Si le genre est on ne peut plus populaire en Martinique, c’est une icône guadeloupéenne qui va le populariser en France et dans le monde : Kassav. Tout commence en 1979, quand Pierre-Edouard Décimus, membre de l’orchestre phare de kadans Les Vikings de la Guadeloupe, décide avec Freddy Marshall, autre musicien antillais, de renouveler et de moderniser la musique qu’ils ont toujours jouée. Jacob Desvarieux (disparu en juillet 2021) les rejoint alors et le groupe prend forme. Via son premier album, Love and Ka dance, ce tout jeune groupe nommé Kassav donne naissance à un nouveau genre musical : le zouk. Avec le second album, Lagué mwen, entre en piste Jocelyne Beroard, martiniquaise de naissance. Le groupe s’agrandit alors et Kassav est couronné de succès dans le monde entier : Paris, Cap-Vert, New York... Sous l’impulsion du groupe, le zouk s’exporte et devient vite un carton mondial.

Depuis sa naissance, le genre n’a cessé d’évoluer en incorporant de nouveaux courants. Fin des années 1990, le rythme se simplifie et les paroles tournent au mièvre avec la vague « zouk love » puis au début des années 2000 le zouk se teinte de hip-hop ou de R’n’B et des artistes comme la Martiniquaise Perle Lama connaissent le succès en chantant en français (et non plus en créole).

Bien que beaucoup moins joués aujourd’hui, le compas (Kompa) et la kadans, deux formes distinctes de méringue haïtienne, ont toujours le vent en poupe en Martinique. Les vétérans de La Perfecta, actifs dès les années 1970, en sont un parfait exemple.

L’île regorge d’endroits où écouter du zouk. À Fort-de-France, ce grand complexe qu’est l’Atrium en programme régulièrement. On en entend aussi beaucoup à la Nouvelle Savane, en plein air, autour des petits kiosques ou encore les soirs de concerts au café le Babaorum.

Les musiques actuelles

Amoureuse de musique et attentive à ce que l’ensemble des Caraïbes produit, la Martinique a accueilli à bras grands ouverts le ragga. Produit purement jamaïcain, le ragga (ou dancehall) a vite trouvé ses marques en Martinique et de nombreux artistes locaux font et ont fait date : Kalash, qui a collaboré avec le rappeur Booba, Matinda, le pionnier, Paille reconnaissable à son chapeau (de paille...) ou encore X-MAN un temps considéré comme un des meilleurs de sa génération.

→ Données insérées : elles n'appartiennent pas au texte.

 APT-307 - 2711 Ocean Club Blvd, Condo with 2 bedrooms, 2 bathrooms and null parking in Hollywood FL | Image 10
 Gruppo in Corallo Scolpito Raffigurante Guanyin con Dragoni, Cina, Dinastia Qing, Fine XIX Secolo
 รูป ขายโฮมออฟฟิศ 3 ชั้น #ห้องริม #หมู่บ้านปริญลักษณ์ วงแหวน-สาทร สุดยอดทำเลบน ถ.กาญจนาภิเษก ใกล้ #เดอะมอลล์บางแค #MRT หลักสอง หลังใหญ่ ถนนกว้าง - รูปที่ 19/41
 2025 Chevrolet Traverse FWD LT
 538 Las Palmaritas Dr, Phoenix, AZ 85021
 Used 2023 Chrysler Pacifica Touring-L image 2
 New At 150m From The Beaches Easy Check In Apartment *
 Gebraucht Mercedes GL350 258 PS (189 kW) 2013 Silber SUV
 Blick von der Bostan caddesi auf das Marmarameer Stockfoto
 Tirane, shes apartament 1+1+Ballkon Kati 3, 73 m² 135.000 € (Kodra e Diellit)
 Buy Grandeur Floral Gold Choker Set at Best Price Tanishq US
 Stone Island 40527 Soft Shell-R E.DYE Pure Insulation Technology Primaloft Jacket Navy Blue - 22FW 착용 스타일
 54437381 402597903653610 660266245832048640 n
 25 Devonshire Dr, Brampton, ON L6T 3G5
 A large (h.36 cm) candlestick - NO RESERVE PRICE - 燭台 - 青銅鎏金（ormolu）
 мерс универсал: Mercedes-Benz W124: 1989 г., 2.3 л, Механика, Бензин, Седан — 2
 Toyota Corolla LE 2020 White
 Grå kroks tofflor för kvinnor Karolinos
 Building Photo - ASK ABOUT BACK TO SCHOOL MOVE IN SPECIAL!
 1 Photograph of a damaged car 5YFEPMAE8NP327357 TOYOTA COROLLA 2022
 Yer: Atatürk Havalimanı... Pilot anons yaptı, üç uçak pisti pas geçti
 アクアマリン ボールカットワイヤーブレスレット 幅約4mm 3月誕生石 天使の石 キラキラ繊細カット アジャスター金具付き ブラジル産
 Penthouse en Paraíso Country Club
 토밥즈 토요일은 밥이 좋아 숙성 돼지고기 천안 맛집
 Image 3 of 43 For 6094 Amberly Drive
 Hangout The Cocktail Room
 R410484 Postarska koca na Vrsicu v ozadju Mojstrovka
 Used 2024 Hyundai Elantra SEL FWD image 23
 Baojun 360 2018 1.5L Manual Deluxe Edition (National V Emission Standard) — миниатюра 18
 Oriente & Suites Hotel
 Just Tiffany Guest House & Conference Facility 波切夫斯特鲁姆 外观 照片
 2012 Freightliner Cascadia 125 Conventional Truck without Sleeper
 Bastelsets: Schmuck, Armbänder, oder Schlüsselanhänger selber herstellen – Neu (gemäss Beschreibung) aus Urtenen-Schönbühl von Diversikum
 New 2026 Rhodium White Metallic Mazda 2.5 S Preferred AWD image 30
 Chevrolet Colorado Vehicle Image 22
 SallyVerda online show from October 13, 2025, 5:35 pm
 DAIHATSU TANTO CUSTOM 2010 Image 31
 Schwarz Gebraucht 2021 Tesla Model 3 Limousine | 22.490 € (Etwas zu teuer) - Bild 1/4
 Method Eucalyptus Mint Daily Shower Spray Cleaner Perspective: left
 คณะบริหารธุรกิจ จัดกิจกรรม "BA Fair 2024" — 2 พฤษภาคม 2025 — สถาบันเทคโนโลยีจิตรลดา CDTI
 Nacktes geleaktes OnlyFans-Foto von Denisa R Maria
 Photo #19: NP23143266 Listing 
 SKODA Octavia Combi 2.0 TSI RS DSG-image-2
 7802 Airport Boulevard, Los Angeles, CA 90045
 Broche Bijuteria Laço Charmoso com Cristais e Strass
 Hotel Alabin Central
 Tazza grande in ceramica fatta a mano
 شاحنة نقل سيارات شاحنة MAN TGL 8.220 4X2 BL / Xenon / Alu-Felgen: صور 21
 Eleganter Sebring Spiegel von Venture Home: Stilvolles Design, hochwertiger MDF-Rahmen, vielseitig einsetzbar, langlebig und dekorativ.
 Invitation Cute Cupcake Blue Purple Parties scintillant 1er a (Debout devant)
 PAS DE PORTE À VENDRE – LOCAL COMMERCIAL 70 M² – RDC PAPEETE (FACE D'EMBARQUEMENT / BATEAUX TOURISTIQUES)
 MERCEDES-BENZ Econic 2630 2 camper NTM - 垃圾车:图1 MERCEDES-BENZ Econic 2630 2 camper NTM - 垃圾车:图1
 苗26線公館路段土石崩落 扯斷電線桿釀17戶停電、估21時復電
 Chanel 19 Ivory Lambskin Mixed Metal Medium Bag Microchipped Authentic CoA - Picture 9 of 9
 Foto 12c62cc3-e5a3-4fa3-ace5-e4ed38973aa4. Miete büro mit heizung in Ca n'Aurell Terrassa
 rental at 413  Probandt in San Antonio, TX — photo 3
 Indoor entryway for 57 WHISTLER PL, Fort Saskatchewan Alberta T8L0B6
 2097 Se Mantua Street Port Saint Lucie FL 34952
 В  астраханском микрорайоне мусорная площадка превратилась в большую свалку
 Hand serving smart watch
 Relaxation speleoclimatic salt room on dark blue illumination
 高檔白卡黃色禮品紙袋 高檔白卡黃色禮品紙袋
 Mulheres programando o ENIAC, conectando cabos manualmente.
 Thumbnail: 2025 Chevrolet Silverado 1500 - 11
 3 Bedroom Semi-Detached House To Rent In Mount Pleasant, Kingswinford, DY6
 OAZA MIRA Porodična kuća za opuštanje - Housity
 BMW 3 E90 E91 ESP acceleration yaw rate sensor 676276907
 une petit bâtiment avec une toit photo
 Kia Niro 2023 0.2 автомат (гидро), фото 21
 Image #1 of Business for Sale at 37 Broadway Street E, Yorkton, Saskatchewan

Si les concerts ragga se déroulent majoritairement à l’Atrium, de très bonnes soirées avec DJ peuvent avoir lieu dans des clubs comme le Cosmopolite de Rivière-Salée ou (plus chic) le Kinky Mango du Lamentin. Autrement, poser quelques questions au marché rasta de Saint-Pierre permettra de connaître les meilleurs tuyaux et d’acheter quelques bons albums.

Danse

Autre pan de culture largement connu et développé de l’île : la danse. Entre zouk, bèlè, biguine, kalenda, mazurka, les possibilités d’expression physique ne manquent pas et l’île propose aussi à voir quelques formes singulières et typiques. Parmi elles, la mazouk (ou mazurka créole), danse où le cavalier enlace sa partenaire au plus près du corps, est l'une des plus sensuelles. Le ladja, quant à lui, frappe par sa proximité avec la capoeira brésilienne. Cette danse de combat accompagnée de tambour et chant, aussi appelée danmyé, fut interdite au moment de la départementalisation avant de connaître un regain dans les années 1980.